Prime Minister Manmohan Singh has cautioned against hasty action on Syria, telling G20 leaders that while India condemned the use of chemical weapons in Syria and anywhere else, any action against the country had to be done through the auspices of the UN.
Singh's comments had come on the sidelines of the G20 summit in St Petersburg, Russia at an official dinner, where Russian President Vladimir Putin had invited UN Secretary general Ban Ki-moon to speak on the current status on Syria.
The UN chief had reportedly told world leaders at the G-20 summit that there is “no military solution” to Syria.
Ban had also reportedly urged the permanent members of the UN Security Council – China, France, Russia, the United Kingdom and the United States - that they have a “collective responsibility to mankind” to act. However, he reiterated that any decision “should be taken within the framework of the UN Charter, as a matter of principle”, the UN quoted him as saying.

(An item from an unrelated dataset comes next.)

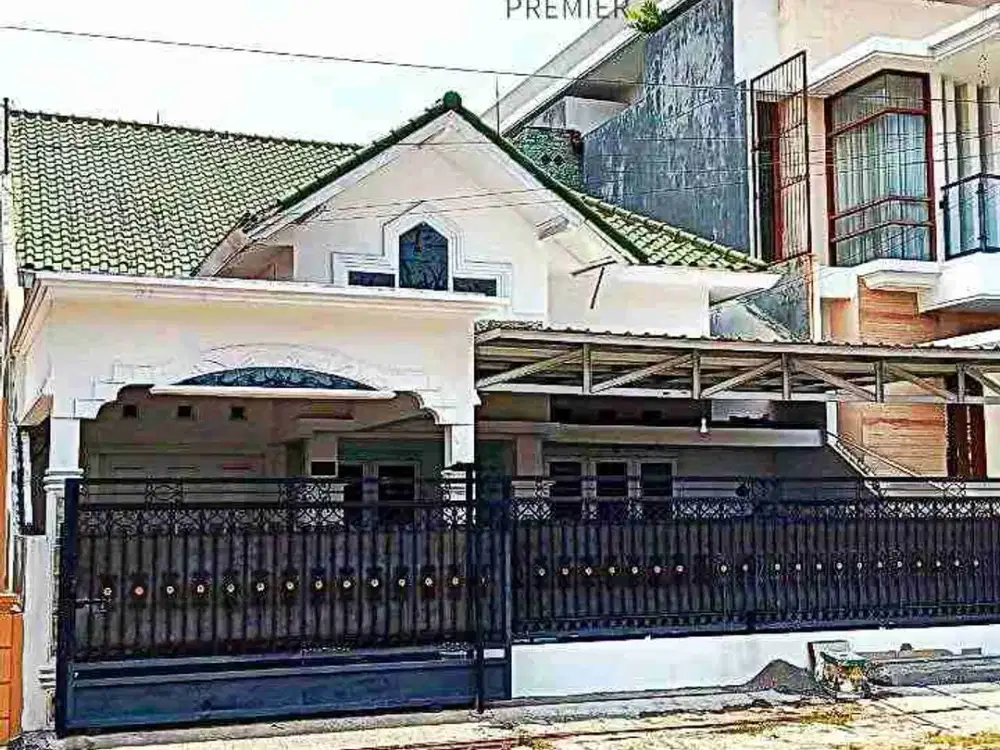 Dijual Rumah Terawat  Siap Huni  di Araya Blok Depan, Blimbing  Malang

In his response, the Prime Minister had reportedly said that it would be more prudent for the international community to wait for the UN report on Syria before committing to any action. He had said that it was important that whatever action needed to be taken, should be done through the UN security council and should not be done to affect any regime change, according to the NDTV news channel.
US President Barack Obama had then reportedly said that the US was convinced about the use of chemical weapons in the Syria, adding that discussions could continue, but action had to be taken against the country.
The divisions had reportedly been stark at the working dinner, with the Italian prime minister also tweeting that "the G20 has just now finished the dinner session, at which the divisions about Syria were confirmed".
According to this report in the BBC: President Obama was nearly an hour late for Thursday's G20 dinner. His aides earlier said he had been trying to find time during the summit to call US members of Congress.
Mr Obama also cancelled a trip to California on Monday to lobby Congress, as a poll commissioned by the BBC and ABC News suggested more than one-third of Congress members were undecided whether or not to back military action.
The development comes even as the United States declared on Thursday that it has given up trying to work with the UN Security Council on Syria, accusing Russia of holding the council hostage and allowing Moscow's allies in Syria to deploy poison gas against innocent children, Reuters reported.
US Ambassador to the United Nations Samantha Power's remarks left no doubt that Washington would not seek UN approval for a military strike on Syria in response to a 21 August chemical attack near Damascus. She said a draft resolution Britain submitted to the five permanent council members last week calling for a response to that attack was effectively dead.
The US and France are the only nations at the G20 summit to commit to using force in Syria. China and Russia insist any action without the UN would be illegal.